Mercedes schmeißt den Laden
Fakt ist: Mercedes hat die Wichtigkeit einer ausgedehnten Infrastruktur längst erkannt. So kooperieren die Stuttgarter seit einiger Zeit mit dem Münchner Konkurrenten BMW im Rahmen des Joint-Ventures Digital Charging Solutions (DSC).
Hinzu kommt das Konsortium Ionity, an dem Mercedes zusammen mit Volkswagen, BMW, Ford und Hyundai beteiligt ist. Insgesamt können Mercedes-Kunden derzeit bereits auf rund eine Million Ladepunkte rund um den Globus zurückgreifen, betonte Konzernchef Ola Källenius.
Mein Fazit für Sie
Viele Autohersteller hatten ursprünglich erwartet, dass der Ausbau der Ladeinfrastruktur vor allem von Energiekonzernen abgedeckt wird. Doch deren Initiativen reichen offenbar nicht aus, um den boomenden Absatzzahlen der Stromer gerecht zu werden. Kein Wunder also, dass Autohersteller wie Mercedes nun selbst den Ton angeben wollen.

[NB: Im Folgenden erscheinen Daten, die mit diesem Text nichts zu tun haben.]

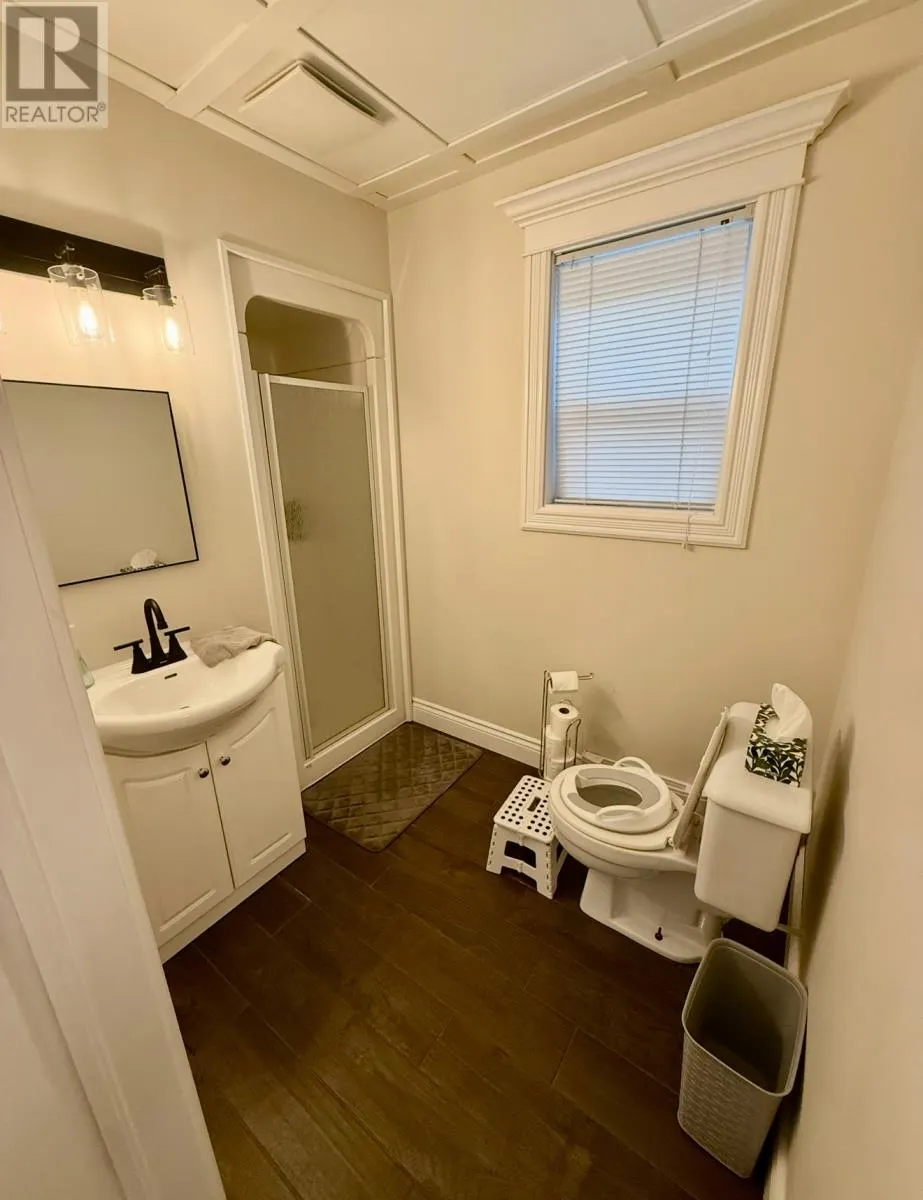 8 - 10 Riverview Place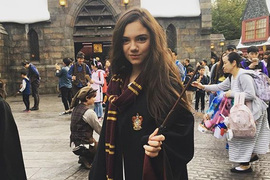 Evgenia Medvedeva《俄羅斯滑冰女神》日本旅遊USJ 身穿霍格華茲校服太可愛啦 Evgenia Medvedeva《俄羅斯滑冰女神》日本旅遊USJ 身穿霍格華茲校服太可愛啦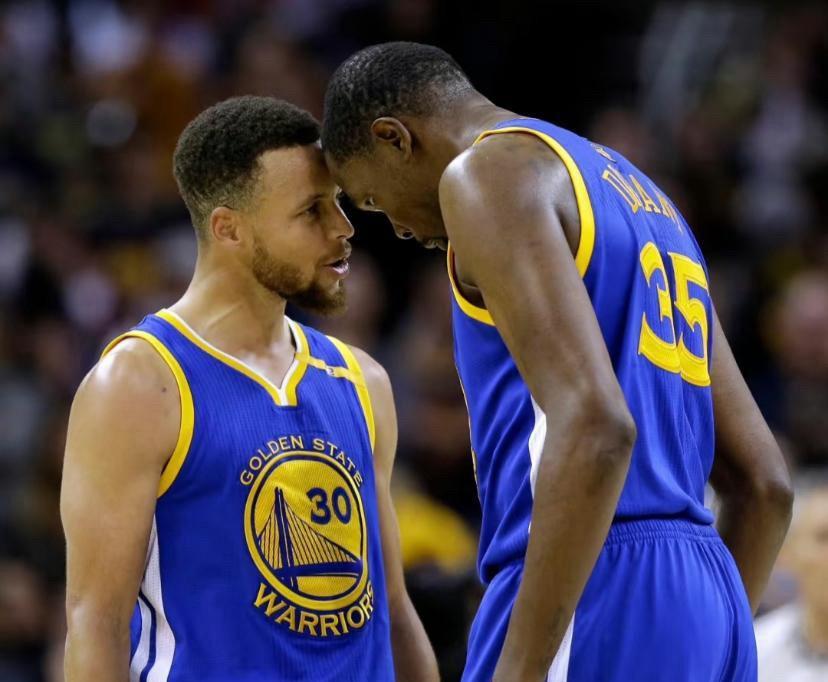 为什么杜兰特的冠军被质疑，但却完全认可库里的？阿里纳斯：杜兰特的技术能力和总决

Meiner Meinung nach ist das für die Mercedes-Aktie eine gute Nachricht. Schauen Sie: Der Ausbau des Ladenetzes wird über den Erfolg der Elektromobilität entscheiden und damit auch über die Zukunft der Autobauer. Natürlich muss Mercedes-Benz hierfür erhebliche Investitionen stemmen.
Langfristig dürfte sich das Ganze jedoch auszahlen. Übrigens auch mit Blick auf die Gewinnmargen der Ladestationen. Laut einer aktuellen Studie der Unternehmensberatung Bain könnte der Gewinn der an der Lade-Wertschöpfung beteiligten Unternehmen bis 2030 in den USA, China und Europa auf bis zu 13,5 Milliarden Euro ansteigen.
Allein in Europa dürfte demnach ein Gewinn von insgesamt 5 Milliarden Euro für die beteiligten Unternehmen möglich sein, bei einem Umsatz von 40 bis 55 Milliarden Euro. Zum Vergleich: Derzeit kommt das europäische Ladenetz laut Bain auf Erlöse zwischen 7 und 8 Milliarden Euro.
Mercedes spielt also die richtige Karte und wird am Ende wohl belohnt werden. Das dürfte auch Ihnen als Anleger zugutekommen, zumindest wenn Sie über einen langfristigen Investment-Horizont verfügen. Meiner Meinung nach ist und bleibt Mercedes die vielversprechendste deutsche Auto-Aktie.